WORK ORDER ▸ Please repeat every entry exactly as written, but skip the pictures.

====== EXERCISE INPUT ======

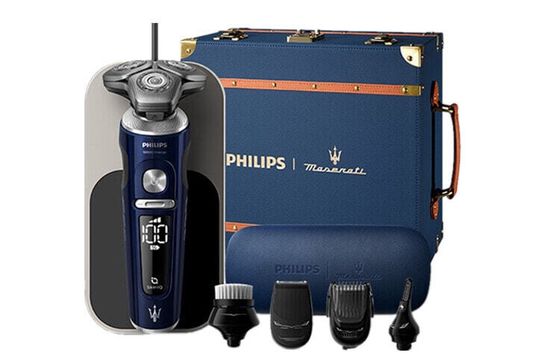 PHILIPS SP9890 Swivel Type Razors Wet And Dry Double Shaving Materials Gift Box Set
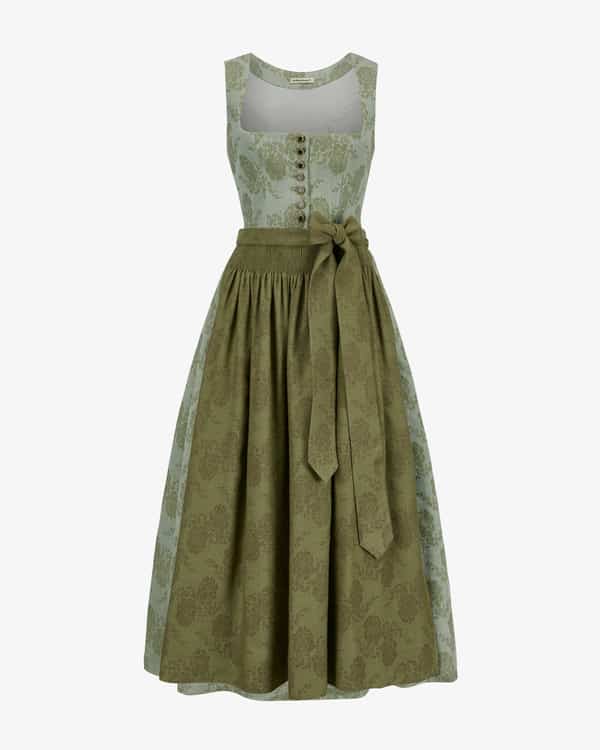 Babette dirndl long with apron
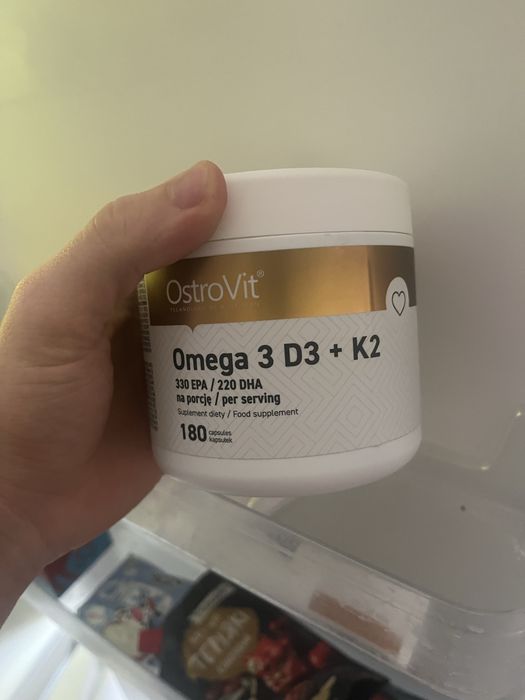 Омега 3 д3 к2 omega 3 D3 K2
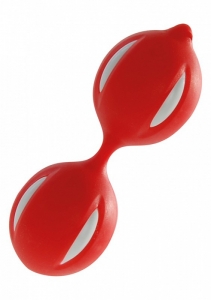 Вагинальные шарики "Candy Balls" красные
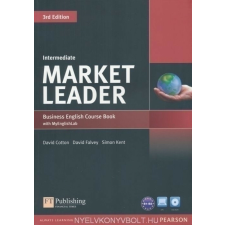  MARKET LEADER 3RD INTER SB MYLAB nyelvkönyv, szótár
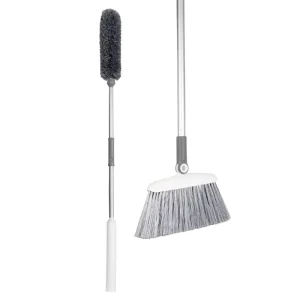 Manufacturer Car Duster Broom Set Stainless Steel Handle Duster Family Sofa Dust Removal Duster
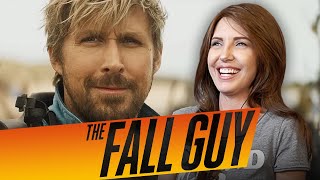 THE FALL GUY Trailer Reaction (THIS LOOKS SO MUCH ACTION FUN!!)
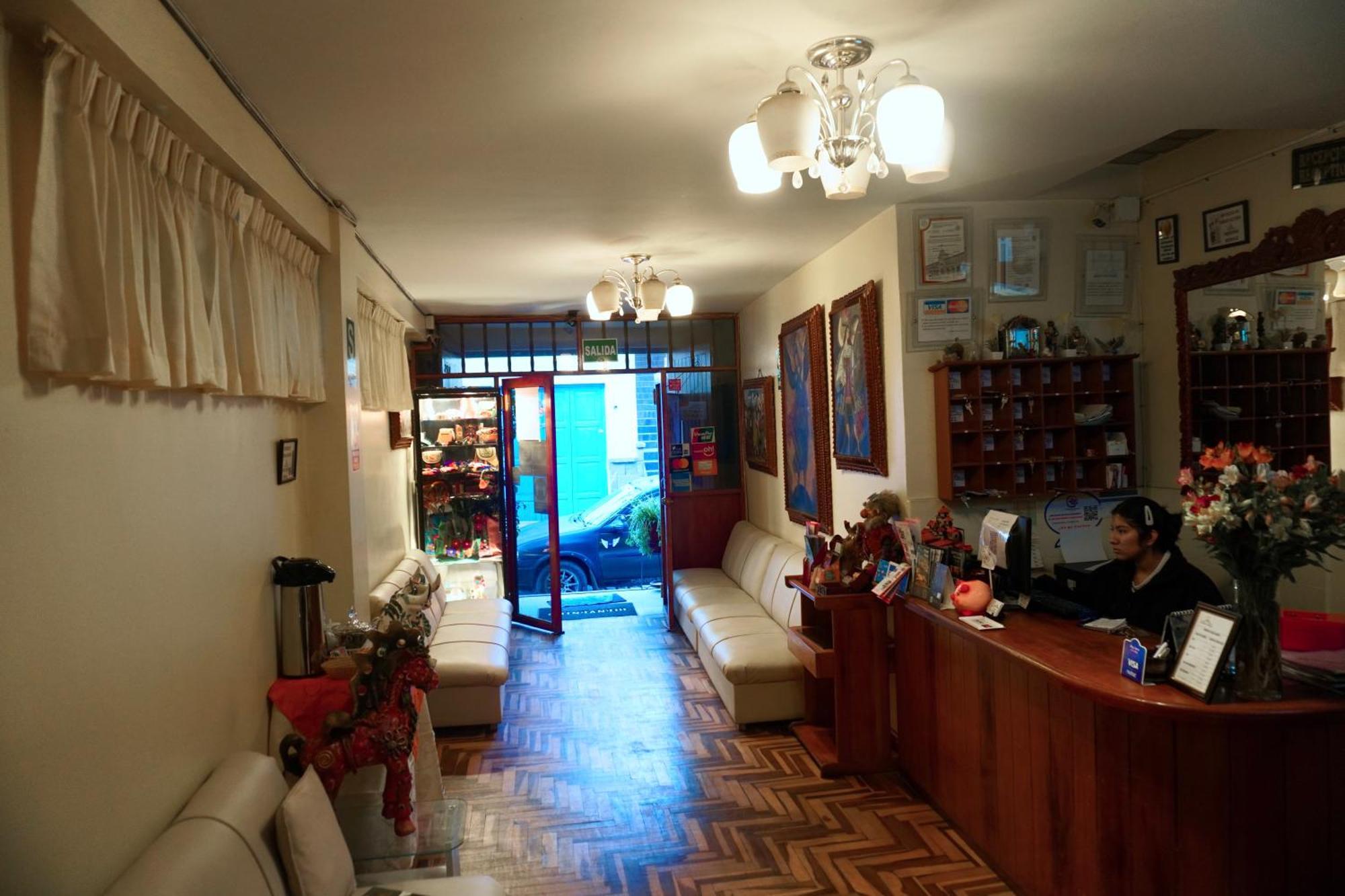 Andean Dreams Hotel كوسكو المظهر الخارجي الصورة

======

EXERCISE OUTPUT ▸
 PHILIPS SP9890 Swivel Type Razors Wet And Dry Double Shaving Materials Gift Box Set
 Babette dirndl long with apron
 Омега 3 д3 к2 omega 3 D3 K2
 Вагинальные шарики "Candy Balls" красные
  MARKET LEADER 3RD INTER SB MYLAB nyelvkönyv, szótár
 Manufacturer Car Duster Broom Set Stainless Steel Handle Duster Family Sofa Dust Removal Duster
 THE FALL GUY Trailer Reaction (THIS LOOKS SO MUCH ACTION FUN!!)
 Andean Dreams Hotel كوسكو المظهر الخارجي الصورة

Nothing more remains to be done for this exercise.